Recently, Fran Unsworth, the Director of BBC News and Current Affairs, produced a briefing note that condemned the broadcaster’s coverage of man-made climate change for being too accommodating towards the viewpoints of those who deny it exists. In general, media coverage about the existence of climate change has done nothing to move the debate forward. It consistently provides a platform for both sides of the debate, even when the neigh-sayers have had considerably less if any, scientific evidence. It is for this reason that the debate must, to an extent, move on from fluctuating numbers, measurements and laboratories and towards questions about humanity’s plan of action in relation to this phenomenon. But the debate cannot move on unless people know it is over.
In Unsworth’s note, she includes a space for skeptics but not through questioning the realities of climate change. She puts forward that climate change skepticism should be scientifically based around “the speed and intensity of what will happen in the future” and henceforth the strategies governments should or shouldn’t use to combat it. This approach is more mindful of what deniers were trying to achieve in the first place – a global attitude of ‘let’s just do nothing’ and leave large corporations free to continue any industrial malpractice that accelerates the process to an unnatural rate.
This is not the shutting down of debate that deniers will no doubt claim it to be. In fact, it is quite the opposite. We are giving them a platform to express their hidden agenda. The truth behind deniers’ motivations has long been understated. To address climate change would be to admit that many of our most economically profitable practices in big business and our daily lives will have to change.

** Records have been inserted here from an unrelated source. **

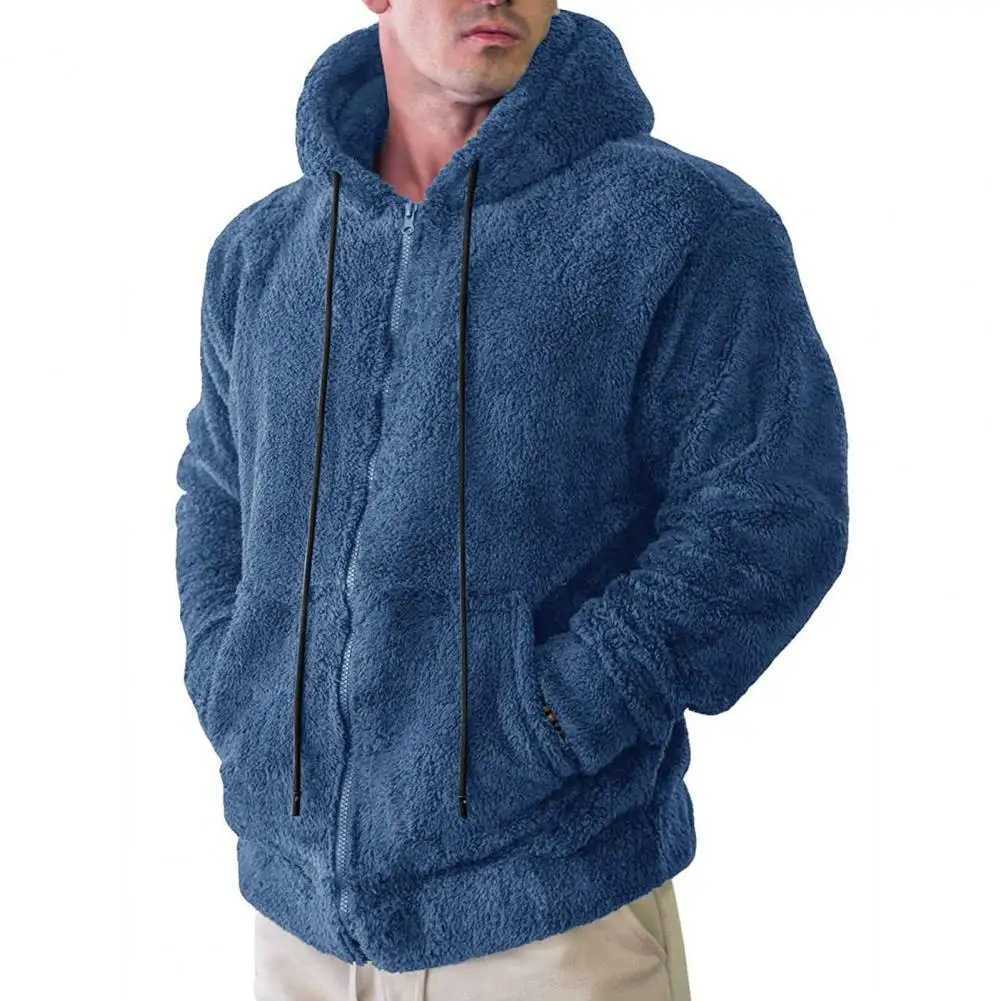 Men Plush Coat Stylish Mens Winter Coat Hooded Plush Casual with Zipper Closure Pockets Zipper Men CoatXJ241206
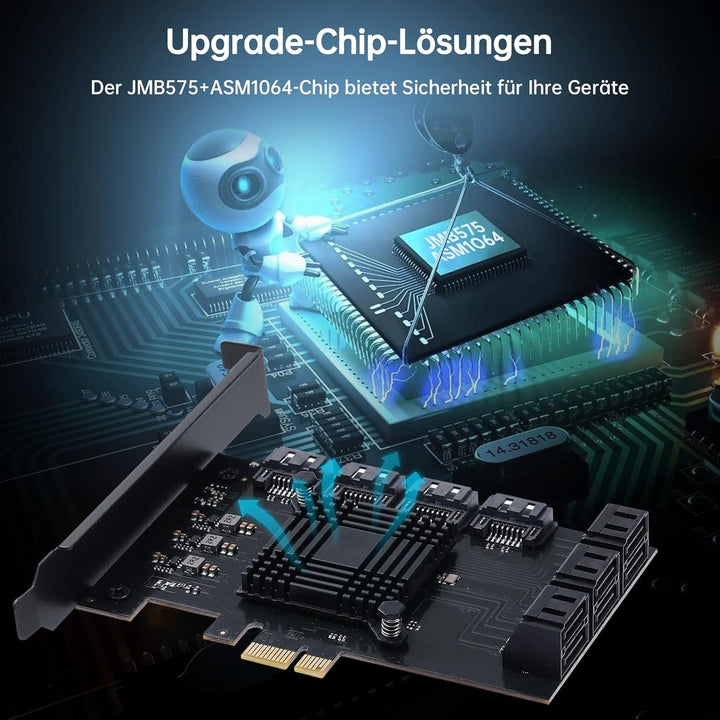 PCIE zu SATA Karte 10 Port mit 10 SATA Kabel, 6Gbps SATA 3.0 Controller PCI Express Erweiterungskart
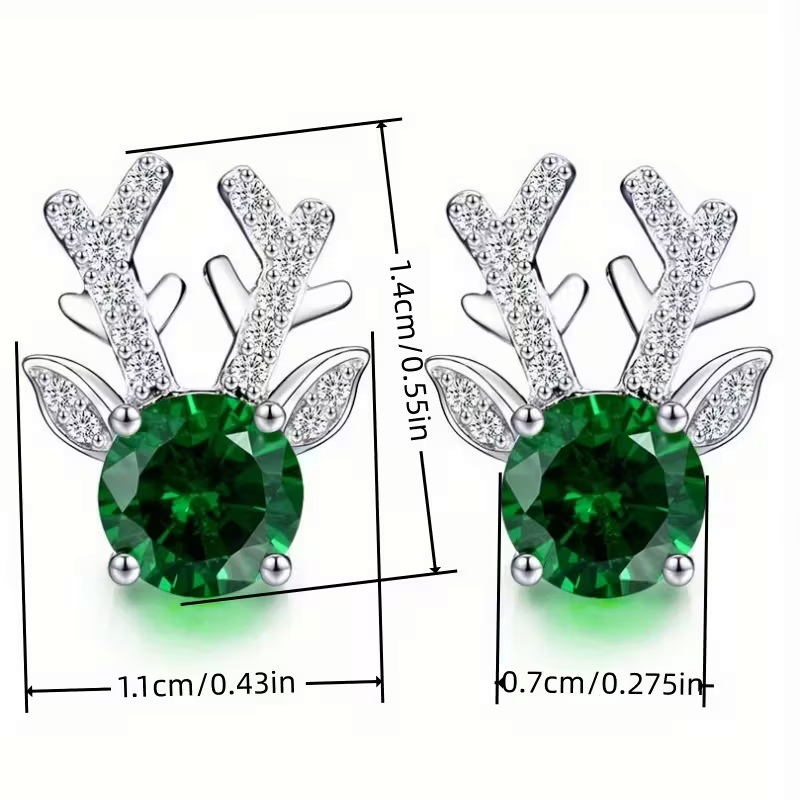 Unique Inlay Green Synthetic Zirconia Deer Horn Earrings - Image 2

Yet to change the debate to address the very real issue, we have to invite those sitting on the fence to join the discussion. This would mean offering solutions to the problem that don’t require them to make significant changes to the way they live their lives. And that’s a good thing. The truth is, whilst the denying parties were busy trolling the scientifically sound truths about global warming, not much research was being done on addressing it. Ultimately, Unsworth is right; the media need to treat the existence of man-made climate change as a scientific truth as doing so would shift the focus of the debate entirely to engage all sides constructively once more. Scientists would receive funding from all sides of the political spectrum. This research would continue developing new, better, and cheaper solutions.
The overarching idea here is that with issues such as climate change, we need to establish a scientifically-grounded truth as quickly as possible, to allow us to all work towards solutions that protect the priorities of the whole political spectrum so that when the time arrives, we have multiple inexpensive solutions to choose from. Man-made climate change is a scientifically proven reality that we all live with and this is what media coverage needs to show. In the interest of the debate moving forward, the media must strike a balance concerning what can be done but also not spread doubt about a scientific phenomenon backed by a vast wealth of evidence.